[PROBLEM DESCRIPTION] Your output is the line containing "Pasco, WA 99301,7806 Snoqualmie Dr." plus all lines after it to the end of the records, reproduced exactly, with nothing else.

[EXTRACTED DATA]
>>

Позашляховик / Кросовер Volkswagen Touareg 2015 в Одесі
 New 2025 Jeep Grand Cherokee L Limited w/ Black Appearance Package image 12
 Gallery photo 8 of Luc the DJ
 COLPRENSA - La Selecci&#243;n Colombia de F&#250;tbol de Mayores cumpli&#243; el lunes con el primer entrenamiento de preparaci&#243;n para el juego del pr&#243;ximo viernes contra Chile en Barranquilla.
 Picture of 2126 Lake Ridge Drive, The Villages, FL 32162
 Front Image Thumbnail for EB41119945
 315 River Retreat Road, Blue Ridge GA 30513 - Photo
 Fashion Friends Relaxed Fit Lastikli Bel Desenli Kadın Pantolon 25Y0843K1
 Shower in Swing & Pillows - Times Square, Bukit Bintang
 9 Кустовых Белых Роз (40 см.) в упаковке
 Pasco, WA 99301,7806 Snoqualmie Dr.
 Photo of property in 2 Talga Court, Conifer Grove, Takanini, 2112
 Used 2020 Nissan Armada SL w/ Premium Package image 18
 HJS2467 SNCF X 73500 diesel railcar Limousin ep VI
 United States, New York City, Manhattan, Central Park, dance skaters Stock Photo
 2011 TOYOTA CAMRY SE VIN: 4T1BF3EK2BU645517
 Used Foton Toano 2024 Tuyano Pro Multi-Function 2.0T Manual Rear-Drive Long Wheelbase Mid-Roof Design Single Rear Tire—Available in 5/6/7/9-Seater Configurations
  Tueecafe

<<

[TASK OUTPUT]
 Pasco, WA 99301,7806 Snoqualmie Dr.
 Photo of property in 2 Talga Court, Conifer Grove, Takanini, 2112
 Used 2020 Nissan Armada SL w/ Premium Package image 18
 HJS2467 SNCF X 73500 diesel railcar Limousin ep VI
 United States, New York City, Manhattan, Central Park, dance skaters Stock Photo
 2011 TOYOTA CAMRY SE VIN: 4T1BF3EK2BU645517
 Used Foton Toano 2024 Tuyano Pro Multi-Function 2.0T Manual Rear-Drive Long Wheelbase Mid-Roof Design Single Rear Tire—Available in 5/6/7/9-Seater Configurations
  Tueecafe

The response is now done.